> _The input_:
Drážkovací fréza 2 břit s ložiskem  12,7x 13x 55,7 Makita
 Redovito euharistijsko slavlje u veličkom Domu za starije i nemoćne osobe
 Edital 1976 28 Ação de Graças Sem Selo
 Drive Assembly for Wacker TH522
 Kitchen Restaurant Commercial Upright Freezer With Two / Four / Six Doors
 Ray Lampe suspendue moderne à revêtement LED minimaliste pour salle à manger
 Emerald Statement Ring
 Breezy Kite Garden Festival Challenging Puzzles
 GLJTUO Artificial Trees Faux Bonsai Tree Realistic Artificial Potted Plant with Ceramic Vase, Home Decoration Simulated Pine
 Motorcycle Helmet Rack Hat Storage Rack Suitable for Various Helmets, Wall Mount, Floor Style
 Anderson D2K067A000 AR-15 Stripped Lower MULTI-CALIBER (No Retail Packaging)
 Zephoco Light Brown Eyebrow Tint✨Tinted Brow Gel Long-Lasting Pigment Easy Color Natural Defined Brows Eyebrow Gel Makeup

> _The problem_:
Print only what lies in the material above starting at the line with "Redovito euharistijsko slavlje" and ending at the line with "Breezy Kite Garden", every line exactly as given.

> _Response box_:
 Redovito euharistijsko slavlje u veličkom Domu za starije i nemoćne osobe
 Edital 1976 28 Ação de Graças Sem Selo
 Drive Assembly for Wacker TH522
 Kitchen Restaurant Commercial Upright Freezer With Two / Four / Six Doors
 Ray Lampe suspendue moderne à revêtement LED minimaliste pour salle à manger
 Emerald Statement Ring
 Breezy Kite Garden Festival Challenging Puzzles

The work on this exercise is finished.